Task material section start

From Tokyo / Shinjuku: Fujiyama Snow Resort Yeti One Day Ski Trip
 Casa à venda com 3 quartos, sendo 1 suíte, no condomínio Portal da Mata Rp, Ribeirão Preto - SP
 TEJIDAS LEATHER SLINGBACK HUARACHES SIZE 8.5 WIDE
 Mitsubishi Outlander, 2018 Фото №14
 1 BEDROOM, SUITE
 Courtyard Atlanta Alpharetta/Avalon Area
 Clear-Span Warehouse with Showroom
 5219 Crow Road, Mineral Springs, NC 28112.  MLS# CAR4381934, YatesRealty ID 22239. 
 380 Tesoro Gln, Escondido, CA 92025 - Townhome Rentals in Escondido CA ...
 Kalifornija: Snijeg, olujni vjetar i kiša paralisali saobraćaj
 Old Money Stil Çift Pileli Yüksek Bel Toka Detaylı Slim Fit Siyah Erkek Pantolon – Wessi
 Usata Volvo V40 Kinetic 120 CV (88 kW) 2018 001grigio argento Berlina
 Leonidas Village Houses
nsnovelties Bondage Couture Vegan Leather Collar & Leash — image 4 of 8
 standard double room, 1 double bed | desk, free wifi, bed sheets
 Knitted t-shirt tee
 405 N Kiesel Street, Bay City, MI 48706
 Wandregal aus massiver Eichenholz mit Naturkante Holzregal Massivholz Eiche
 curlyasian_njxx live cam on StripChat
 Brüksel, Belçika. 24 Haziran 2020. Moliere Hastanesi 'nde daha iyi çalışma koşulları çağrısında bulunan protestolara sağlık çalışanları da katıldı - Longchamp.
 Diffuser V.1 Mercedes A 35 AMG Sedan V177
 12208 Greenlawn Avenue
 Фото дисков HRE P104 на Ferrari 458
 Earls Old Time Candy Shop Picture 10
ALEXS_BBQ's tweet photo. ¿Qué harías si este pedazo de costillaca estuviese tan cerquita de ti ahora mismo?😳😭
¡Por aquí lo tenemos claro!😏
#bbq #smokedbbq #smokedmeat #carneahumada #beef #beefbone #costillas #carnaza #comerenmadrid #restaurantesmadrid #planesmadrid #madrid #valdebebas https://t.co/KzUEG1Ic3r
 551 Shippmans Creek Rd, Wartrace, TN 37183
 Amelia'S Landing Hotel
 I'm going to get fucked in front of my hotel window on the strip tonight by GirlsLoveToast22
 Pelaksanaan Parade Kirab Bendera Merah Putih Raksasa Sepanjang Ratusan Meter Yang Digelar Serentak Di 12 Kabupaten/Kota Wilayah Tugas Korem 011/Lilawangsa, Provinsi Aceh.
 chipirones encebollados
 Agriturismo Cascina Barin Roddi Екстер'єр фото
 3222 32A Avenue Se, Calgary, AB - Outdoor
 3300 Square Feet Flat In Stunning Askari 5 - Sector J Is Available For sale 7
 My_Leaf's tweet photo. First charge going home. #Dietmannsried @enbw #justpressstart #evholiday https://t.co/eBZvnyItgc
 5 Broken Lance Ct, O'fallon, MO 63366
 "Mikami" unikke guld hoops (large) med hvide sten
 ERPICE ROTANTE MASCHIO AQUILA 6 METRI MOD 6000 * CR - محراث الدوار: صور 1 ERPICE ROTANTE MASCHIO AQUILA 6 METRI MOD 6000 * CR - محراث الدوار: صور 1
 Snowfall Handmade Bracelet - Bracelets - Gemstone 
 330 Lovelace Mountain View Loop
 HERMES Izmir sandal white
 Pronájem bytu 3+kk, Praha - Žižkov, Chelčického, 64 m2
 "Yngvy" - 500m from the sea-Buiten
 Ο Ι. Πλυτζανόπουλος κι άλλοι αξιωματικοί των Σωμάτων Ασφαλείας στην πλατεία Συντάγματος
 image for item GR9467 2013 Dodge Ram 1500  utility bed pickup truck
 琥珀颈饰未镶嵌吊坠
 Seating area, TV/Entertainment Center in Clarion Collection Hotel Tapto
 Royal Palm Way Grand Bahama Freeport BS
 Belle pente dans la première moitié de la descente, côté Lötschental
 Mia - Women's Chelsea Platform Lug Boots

Task material section end

*Activity:* With both ends included, please retype exactly the lines from the line containing "Seating area, TV/Entertainment" to the final line of the data.

*Exercise answer:*
 Seating area, TV/Entertainment Center in Clarion Collection Hotel Tapto
 Royal Palm Way Grand Bahama Freeport BS
 Belle pente dans la première moitié de la descente, côté Lötschental
 Mia - Women's Chelsea Platform Lug Boots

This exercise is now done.